• **What you should do**:
Find where "Nursing Life |" appears in the entries below. That line and all lines after it, through the last, are to be duplicated exactly, with nothing else.

• **Records for processing**:
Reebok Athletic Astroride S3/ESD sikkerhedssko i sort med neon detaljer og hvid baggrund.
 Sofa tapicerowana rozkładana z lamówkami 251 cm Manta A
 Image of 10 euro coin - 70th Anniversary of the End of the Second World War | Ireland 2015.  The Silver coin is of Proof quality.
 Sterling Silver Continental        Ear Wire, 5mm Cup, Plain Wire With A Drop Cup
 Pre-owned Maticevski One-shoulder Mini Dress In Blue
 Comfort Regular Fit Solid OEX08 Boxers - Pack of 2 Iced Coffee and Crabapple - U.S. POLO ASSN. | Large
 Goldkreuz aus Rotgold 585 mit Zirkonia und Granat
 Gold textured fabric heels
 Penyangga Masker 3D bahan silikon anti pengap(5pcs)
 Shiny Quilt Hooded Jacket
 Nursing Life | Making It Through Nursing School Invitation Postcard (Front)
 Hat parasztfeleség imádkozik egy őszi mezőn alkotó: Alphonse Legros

• **Answer section**:
 Nursing Life | Making It Through Nursing School Invitation Postcard (Front)
 Hat parasztfeleség imádkozik egy őszi mezőn alkotó: Alphonse Legros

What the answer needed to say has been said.